Maes
I like big butts!

Posts: 8662
Registered: 07-06 |
HWGuy said:
I'm told it was a prototype 40mm pump-action grenade launcher. I could imagine it can be loaded with a round that carries buckshot.
I'd go with the Jackhammer purely for style. That, and its drum magazines were designed to be rigged as landmines.
Holy crap, that would be roughly a 1 1/2 gauge, according to this conversion table. I knew there were early black powder elephant guns that reached upto 4-gauge, but being able to shoot a load of over 300 grams of lead....that's more or less like shooting 10 skeet cartridges all together or 8 standard 36 gram 12-gauge shells, assuming it imparts the same initial velocity as a standard shotgun though (about 400 m/s on average for standard loads).
[physics]
With standard momentum and energy physics, an 8 kg shotgun shooting such a shell would develop a momentum of 120 kgm/s, with a speed of 15 m/s aka 54 km/h if left by itself! That's a shoulder energy of 900 Joules (a normal 4 kg 12 gauge shotgun would give 26 Joules with the same calculations), which is about as "good" as being hit by a sledgehammer!

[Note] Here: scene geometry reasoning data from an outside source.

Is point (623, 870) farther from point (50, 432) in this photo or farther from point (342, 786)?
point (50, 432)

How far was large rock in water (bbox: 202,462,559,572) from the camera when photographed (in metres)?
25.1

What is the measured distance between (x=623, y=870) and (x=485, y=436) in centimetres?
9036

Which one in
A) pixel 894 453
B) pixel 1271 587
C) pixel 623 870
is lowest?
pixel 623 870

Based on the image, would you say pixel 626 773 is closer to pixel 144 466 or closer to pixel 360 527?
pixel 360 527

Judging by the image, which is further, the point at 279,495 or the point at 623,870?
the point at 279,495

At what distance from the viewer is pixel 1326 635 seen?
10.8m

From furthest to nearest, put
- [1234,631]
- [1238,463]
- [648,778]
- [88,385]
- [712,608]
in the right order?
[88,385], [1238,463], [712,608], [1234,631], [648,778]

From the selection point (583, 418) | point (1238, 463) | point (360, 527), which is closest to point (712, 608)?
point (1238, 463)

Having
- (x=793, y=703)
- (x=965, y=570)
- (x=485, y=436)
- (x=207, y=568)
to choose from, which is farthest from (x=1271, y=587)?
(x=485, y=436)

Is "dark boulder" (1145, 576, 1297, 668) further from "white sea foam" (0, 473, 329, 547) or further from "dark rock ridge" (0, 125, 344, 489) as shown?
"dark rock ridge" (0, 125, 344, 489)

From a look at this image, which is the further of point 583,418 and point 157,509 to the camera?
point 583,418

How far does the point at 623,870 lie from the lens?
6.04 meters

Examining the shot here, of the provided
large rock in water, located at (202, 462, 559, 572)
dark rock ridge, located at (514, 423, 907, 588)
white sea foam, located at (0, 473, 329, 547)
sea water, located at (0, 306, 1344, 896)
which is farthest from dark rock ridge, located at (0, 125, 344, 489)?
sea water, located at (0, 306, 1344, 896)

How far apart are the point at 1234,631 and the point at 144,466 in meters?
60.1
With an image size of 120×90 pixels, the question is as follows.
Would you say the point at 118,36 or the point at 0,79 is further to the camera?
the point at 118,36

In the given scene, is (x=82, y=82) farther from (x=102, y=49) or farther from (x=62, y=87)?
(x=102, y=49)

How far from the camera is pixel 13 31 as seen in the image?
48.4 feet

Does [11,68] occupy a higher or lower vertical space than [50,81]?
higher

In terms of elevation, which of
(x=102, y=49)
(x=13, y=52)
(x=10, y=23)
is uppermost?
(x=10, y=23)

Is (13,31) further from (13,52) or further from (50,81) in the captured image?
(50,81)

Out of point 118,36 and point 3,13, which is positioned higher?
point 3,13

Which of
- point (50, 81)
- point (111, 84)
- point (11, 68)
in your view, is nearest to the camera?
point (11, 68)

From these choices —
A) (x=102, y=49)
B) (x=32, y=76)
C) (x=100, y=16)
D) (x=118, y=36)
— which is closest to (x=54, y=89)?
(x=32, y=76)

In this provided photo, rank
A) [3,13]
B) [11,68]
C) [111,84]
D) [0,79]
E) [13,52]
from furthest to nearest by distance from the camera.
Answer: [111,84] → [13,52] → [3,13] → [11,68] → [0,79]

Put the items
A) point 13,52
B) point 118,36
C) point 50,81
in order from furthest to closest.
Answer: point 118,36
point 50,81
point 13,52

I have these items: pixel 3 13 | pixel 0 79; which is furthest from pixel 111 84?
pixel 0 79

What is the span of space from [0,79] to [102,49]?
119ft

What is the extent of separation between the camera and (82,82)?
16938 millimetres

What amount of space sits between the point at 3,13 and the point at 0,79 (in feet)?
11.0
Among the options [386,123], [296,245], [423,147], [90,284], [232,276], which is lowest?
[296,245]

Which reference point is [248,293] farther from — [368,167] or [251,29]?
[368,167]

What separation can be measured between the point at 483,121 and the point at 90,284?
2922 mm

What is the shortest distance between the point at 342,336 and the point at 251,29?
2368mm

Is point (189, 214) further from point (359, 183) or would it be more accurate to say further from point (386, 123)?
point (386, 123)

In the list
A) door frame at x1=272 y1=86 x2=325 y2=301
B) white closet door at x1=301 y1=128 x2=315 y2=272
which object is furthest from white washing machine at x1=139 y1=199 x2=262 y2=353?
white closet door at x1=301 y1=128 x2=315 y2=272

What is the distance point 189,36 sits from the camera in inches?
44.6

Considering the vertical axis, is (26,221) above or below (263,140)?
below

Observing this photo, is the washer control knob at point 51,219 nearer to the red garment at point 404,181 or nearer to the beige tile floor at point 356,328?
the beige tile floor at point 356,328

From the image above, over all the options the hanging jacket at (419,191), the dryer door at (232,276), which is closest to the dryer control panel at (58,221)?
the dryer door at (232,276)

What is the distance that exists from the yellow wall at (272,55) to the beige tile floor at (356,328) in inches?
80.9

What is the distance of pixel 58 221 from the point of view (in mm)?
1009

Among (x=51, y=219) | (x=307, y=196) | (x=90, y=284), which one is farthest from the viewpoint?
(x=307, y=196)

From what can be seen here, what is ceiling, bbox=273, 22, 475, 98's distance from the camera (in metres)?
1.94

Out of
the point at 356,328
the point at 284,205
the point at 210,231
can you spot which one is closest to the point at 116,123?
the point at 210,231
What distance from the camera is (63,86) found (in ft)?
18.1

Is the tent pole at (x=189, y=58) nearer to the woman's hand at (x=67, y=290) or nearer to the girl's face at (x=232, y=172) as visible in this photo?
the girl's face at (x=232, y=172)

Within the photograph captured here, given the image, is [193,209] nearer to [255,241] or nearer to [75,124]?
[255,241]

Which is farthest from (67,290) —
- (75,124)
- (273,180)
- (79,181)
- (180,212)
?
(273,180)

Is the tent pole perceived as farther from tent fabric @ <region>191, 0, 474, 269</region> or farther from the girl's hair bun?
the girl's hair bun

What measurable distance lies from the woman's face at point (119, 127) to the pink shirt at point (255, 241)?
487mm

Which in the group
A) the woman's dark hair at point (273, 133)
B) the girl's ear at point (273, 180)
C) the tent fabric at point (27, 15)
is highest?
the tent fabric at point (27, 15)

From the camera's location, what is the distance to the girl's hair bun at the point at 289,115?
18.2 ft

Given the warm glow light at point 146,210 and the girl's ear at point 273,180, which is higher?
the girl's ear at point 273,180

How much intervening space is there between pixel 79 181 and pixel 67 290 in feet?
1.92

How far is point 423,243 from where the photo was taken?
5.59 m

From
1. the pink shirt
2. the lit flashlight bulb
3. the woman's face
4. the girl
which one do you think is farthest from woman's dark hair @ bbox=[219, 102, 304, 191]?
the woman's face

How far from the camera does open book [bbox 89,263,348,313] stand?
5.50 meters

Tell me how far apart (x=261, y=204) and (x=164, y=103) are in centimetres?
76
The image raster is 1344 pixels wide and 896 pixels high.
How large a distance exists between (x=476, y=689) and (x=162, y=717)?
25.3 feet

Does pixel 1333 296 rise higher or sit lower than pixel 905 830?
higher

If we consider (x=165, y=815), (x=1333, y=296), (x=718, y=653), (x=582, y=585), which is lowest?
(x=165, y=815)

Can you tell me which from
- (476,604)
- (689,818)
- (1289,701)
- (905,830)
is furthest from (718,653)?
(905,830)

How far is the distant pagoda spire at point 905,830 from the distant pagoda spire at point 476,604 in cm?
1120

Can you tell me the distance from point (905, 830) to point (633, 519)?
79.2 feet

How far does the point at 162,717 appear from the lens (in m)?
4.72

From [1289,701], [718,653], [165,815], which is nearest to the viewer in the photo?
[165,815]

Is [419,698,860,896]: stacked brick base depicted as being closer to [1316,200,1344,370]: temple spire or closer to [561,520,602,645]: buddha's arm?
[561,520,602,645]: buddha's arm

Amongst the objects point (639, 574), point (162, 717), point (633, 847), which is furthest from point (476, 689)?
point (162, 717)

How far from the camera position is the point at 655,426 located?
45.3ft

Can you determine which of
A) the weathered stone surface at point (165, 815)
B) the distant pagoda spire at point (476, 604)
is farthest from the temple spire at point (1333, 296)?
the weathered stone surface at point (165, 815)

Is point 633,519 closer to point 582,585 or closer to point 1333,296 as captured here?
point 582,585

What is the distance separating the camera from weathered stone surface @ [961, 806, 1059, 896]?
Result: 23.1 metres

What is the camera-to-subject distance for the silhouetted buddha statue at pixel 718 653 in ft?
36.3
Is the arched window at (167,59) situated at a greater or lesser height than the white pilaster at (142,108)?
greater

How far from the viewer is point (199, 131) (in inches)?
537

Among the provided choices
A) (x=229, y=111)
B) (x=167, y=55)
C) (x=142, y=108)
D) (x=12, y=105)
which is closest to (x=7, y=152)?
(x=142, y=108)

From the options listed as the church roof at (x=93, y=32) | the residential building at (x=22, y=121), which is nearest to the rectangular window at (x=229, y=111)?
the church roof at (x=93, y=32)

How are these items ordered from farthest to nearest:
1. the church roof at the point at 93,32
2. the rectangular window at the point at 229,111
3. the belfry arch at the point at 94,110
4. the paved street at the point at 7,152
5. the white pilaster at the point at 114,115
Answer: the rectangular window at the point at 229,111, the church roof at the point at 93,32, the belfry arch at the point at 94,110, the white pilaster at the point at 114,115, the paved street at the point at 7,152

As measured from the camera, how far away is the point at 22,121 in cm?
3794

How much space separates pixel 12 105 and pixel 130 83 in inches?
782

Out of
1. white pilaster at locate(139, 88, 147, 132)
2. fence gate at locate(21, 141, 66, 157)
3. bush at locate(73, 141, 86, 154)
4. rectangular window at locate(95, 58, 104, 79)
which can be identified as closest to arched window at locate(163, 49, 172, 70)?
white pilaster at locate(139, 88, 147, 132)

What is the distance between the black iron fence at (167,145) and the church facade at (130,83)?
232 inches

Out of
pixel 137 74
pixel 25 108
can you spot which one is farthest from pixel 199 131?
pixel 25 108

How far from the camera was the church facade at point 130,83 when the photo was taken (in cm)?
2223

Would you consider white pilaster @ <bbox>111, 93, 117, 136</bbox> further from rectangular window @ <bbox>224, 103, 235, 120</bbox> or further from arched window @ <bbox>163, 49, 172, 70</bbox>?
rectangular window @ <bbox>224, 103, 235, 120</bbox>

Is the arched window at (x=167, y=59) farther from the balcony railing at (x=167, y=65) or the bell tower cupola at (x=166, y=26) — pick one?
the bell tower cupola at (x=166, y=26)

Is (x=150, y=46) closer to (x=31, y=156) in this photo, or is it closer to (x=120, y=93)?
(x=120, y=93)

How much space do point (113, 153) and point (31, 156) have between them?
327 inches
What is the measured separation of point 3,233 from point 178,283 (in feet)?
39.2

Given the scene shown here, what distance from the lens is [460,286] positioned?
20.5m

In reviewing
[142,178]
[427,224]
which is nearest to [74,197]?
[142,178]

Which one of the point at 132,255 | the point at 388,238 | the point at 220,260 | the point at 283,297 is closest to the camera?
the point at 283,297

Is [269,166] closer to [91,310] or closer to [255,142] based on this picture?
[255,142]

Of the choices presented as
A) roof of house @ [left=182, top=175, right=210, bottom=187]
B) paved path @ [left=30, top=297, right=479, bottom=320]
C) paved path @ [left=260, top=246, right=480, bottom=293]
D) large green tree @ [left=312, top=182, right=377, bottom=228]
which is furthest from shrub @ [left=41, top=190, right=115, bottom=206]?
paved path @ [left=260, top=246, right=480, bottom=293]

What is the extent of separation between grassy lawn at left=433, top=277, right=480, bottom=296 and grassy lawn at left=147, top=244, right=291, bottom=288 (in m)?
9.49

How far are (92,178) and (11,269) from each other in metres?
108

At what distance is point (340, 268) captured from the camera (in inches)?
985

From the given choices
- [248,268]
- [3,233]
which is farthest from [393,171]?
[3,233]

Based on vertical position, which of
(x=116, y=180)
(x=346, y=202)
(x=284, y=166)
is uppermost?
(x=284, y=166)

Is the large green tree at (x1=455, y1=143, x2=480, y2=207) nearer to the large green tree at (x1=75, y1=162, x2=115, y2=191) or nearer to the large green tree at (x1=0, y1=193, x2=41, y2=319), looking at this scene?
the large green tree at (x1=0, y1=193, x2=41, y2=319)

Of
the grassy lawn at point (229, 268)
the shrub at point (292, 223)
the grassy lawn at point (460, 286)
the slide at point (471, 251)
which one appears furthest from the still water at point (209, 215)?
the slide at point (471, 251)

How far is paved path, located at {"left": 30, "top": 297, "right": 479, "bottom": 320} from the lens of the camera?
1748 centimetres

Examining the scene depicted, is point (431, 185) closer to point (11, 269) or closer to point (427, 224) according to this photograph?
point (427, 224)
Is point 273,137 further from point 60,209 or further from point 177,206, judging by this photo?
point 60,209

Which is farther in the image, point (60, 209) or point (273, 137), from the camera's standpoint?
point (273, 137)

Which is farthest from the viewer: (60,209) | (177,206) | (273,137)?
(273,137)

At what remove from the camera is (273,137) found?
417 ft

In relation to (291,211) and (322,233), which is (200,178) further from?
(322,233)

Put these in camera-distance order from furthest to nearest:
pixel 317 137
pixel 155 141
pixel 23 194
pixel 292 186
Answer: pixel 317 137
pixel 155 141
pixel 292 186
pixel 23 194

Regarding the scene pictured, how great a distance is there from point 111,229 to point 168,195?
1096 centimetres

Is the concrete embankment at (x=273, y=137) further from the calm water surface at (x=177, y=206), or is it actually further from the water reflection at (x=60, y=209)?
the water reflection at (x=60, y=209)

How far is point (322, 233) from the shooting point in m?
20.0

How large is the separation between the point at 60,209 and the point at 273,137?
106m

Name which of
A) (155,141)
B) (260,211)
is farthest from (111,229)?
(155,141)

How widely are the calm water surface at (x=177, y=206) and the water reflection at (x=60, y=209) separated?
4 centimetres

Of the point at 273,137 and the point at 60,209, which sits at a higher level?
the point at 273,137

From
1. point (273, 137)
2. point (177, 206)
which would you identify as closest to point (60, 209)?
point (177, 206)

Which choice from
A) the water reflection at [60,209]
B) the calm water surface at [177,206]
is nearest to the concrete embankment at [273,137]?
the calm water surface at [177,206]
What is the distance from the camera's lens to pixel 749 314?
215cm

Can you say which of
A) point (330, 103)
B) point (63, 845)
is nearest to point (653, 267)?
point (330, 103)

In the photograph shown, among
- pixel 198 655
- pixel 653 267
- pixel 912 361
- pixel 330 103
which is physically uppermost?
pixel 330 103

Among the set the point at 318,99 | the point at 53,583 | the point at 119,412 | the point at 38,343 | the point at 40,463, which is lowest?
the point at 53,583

A heavy shooter (90 kg minimum), with good shoulder contact, should be able to reduce the resulting speed to 1.2 m/s or "just" 72 joules but still, that's almost 70 times the energy on the shoulder delivered by a "normal" 12 gauge shotgun, which would be reduced to 1.2 Joules !!!
Don't be puzzled by the enormous difference in resulting energy, energy transfer is more efficient the closest the weights of the two involved bodies are, so a heavy projectyle will have a much more marked recoil effect than simple multiplication.[/physics]
OK...on the plus side, there's no standard 40mm launchable grenade with such a high muzzle speed, not even with that much weight load. The M576 40 mm "buckshot" grenade has "only" 100 grams of lead, and the muzzle velocity is just 270 ms, which is less than that of a standard hunting cartridge...
...so no, it probably wouldn't be as bad as the KS-23 or even as an old-fashioned "elephant gun", but pretty bad nonetheless. That is, until we find some muzzle velocity data on the KS-23.